Usually, in this line of work, if you’re lucky, you get a moment – a year or two when you’re the in-thing – and you hope to hold enough of that moment as it slowly fades away to keep you going till retirement. Rush did something unprecedented in the history of TV and radio. Commercial broadcasting began in the United States in 1920: The Rush Limbaugh Show came along two-thirds of a century later, became the Number One program very quickly, and has stayed at the top all the way to today – for a third of the entire history of the medium. And throughout all those decades Rush and his show stayed exactly the same: a forensic breakdown of the day’s news, punctuated by musical parodies, satirical sketches, and Rush’s own optimism and good humor, even through this last terrible year.
The comedy is what his many enemies and half his own side missed: Rush took politics seriously but not solemnly. In the early years of the war on terror, he introduced an Afghan version of himself “with talent on loan from Allah” and sold Club Gitmo merchandise for those seeking a tropical retreat from jihad. When Brokeback Mountain was in the news, the show ran trailers for Return to Saddle-Sore Canyon: “It’s John McCain and Lindsey Graham as you’ve always wanted to see them!” Which, in my case at least, is true.
I know precisely when I first heard Rush. It was not long after he started the show and not long after I bought my pad in New Hampshire. I was driving some visitors from London through the North Maine Woods toward New Brunswick in that dead zone where the only thing that comes in is the soft-and-easy station on 94.9 FM from the top of Mount Washington. And then that died, and there was nothing, and I forgot to switch it off so it was automatically scanning up and around the dial as we chit-chatted in the car. And then suddenly it found some guy, and there he was talking about “the arts-and-croissants crowd” moving into your town, and reading out press releases from NOW (the National Association of Women), whom he called the NAGS (National Association of Gals), and playing Andy Williams’ version of “Born Free” punctuated by gunfire to accompany any environmental story.

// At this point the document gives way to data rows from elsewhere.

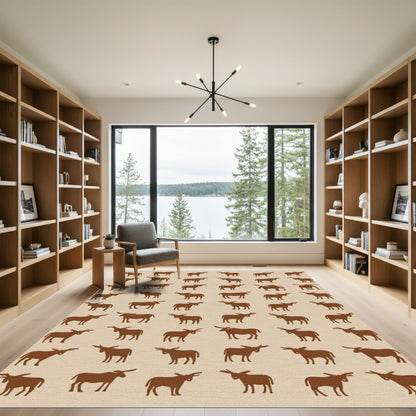 Brown Donkey Repeating Silhouette Rug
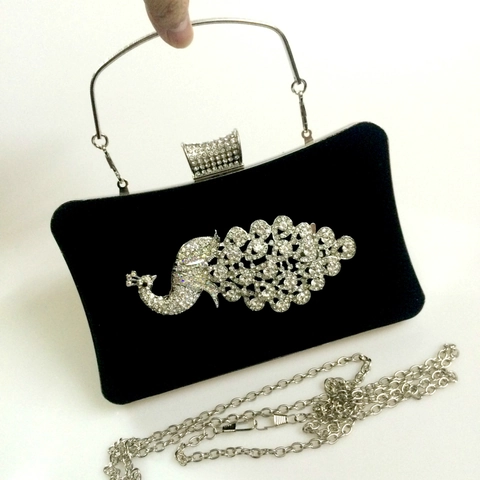 Bolso De Noche De Terciopelo Con Pavo Real De Diamantes De Imitación Asa De Metal Plateado Y Cadena Para Mujer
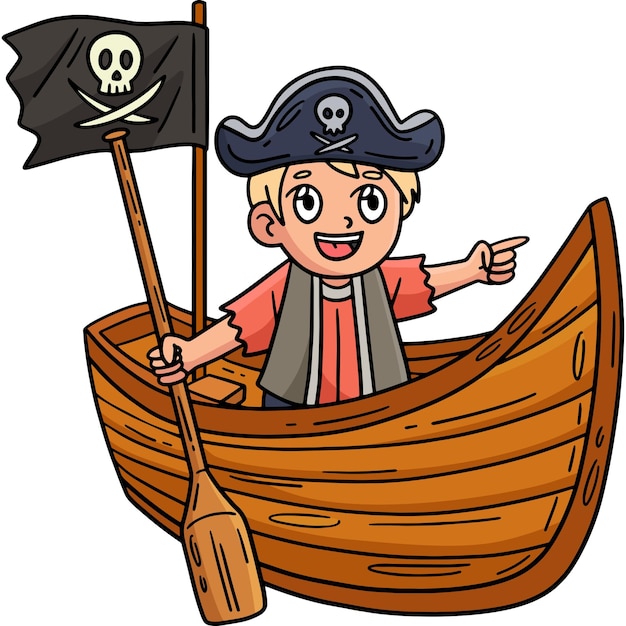 Pirata en un bote de remos Clip colorido de dibujos animados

And, in my car, conversation ceased. My friends were what you might call slightly skeptical lefties, so they disagreed with what Rush said on the issues but they were rapt by the way he said it. Because they had never heard anybody say it like that before. It was a unique combination – absolute piercing philosophical clarity, and a grand rollicking presentational style honed through all the lean years of minor-market disc-jockeying. First, he perfected the style, and then he applied it to the content. When Clinton was elected, Rush opened his shows, for years, with “America Held Hostage, Day Thirty-Nine… Day Seventy-Three… Day Hundred-and-Twenty Four…”, and when Newt’s Republicans won the 1994 mid-terms he started with James Brown singing “I Feel Good”.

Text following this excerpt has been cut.